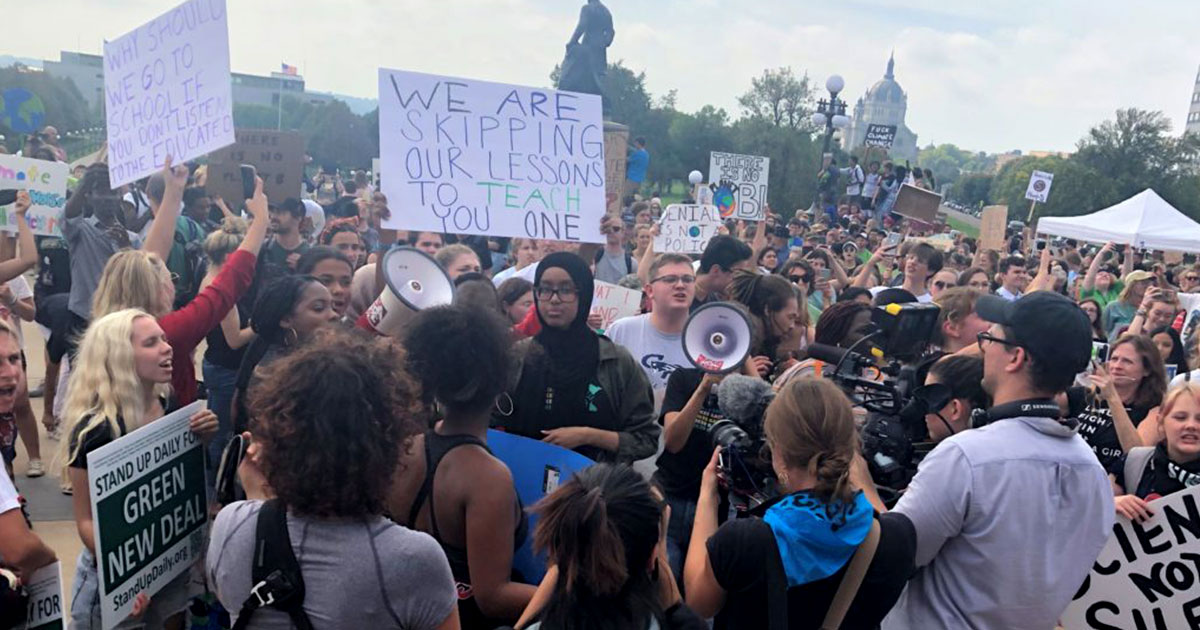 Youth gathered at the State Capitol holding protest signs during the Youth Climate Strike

■ ■ ■

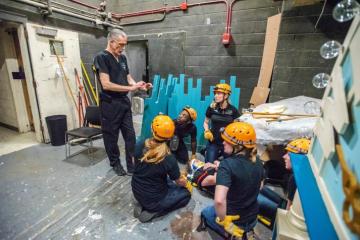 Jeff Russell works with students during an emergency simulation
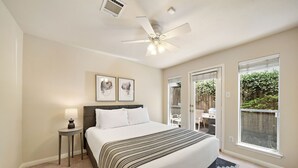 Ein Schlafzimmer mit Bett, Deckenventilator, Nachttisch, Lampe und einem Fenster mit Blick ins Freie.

■ ■ ■

About this task:
While skipping the pictures, transcribe the data above from the line showing "Jeff Russell works" through the line showing "Ein Schlafzimmer mit", exactly and with both ends.

Written solution:
 Jeff Russell works with students during an emergency simulation
 Ein Schlafzimmer mit Bett, Deckenventilator, Nachttisch, Lampe und einem Fenster mit Blick ins Freie.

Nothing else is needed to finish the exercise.